**Work task:**
Return only that part of the material below which starts with the line containing "Which of the" and goes on through the line containing "Rubes idaeus 'Zeva", restated exactly.

**Source data:**
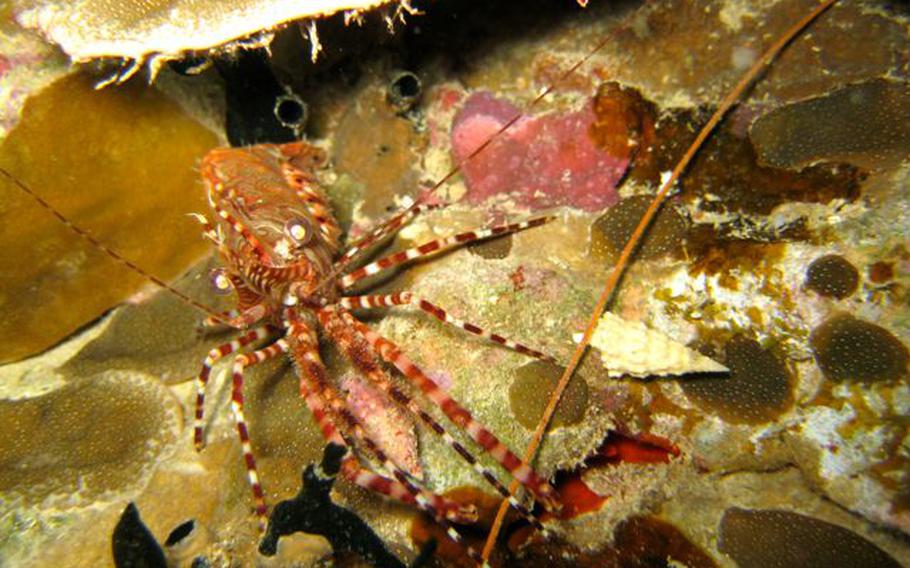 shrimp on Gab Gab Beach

==

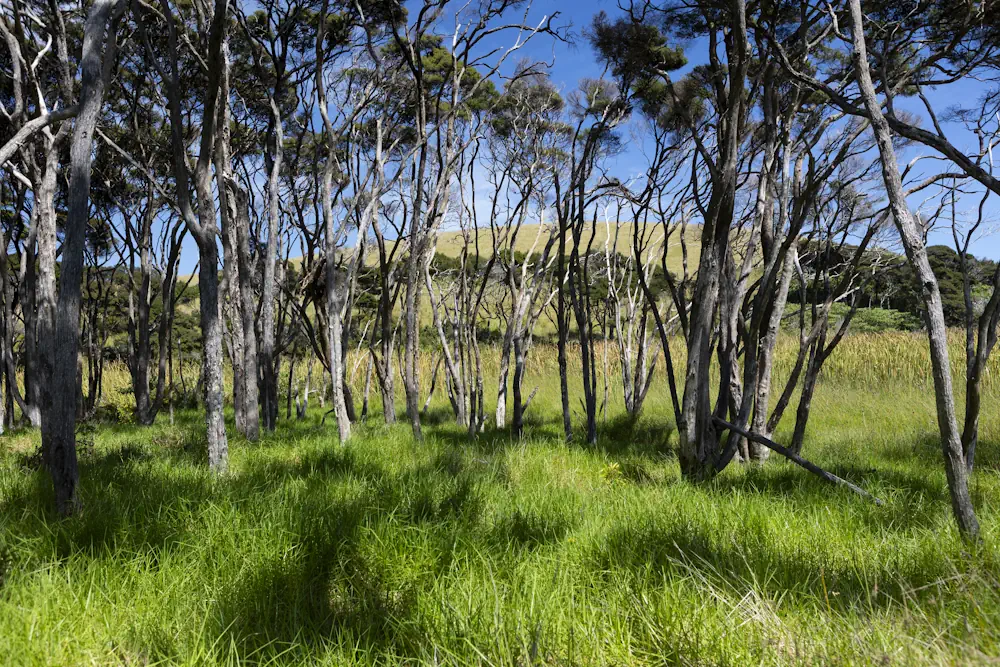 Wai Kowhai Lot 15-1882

* * *

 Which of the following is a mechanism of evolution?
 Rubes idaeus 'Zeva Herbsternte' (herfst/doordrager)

**Response for this exercise:**
 Which of the following is a mechanism of evolution?
 Rubes idaeus 'Zeva Herbsternte' (herfst/doordrager)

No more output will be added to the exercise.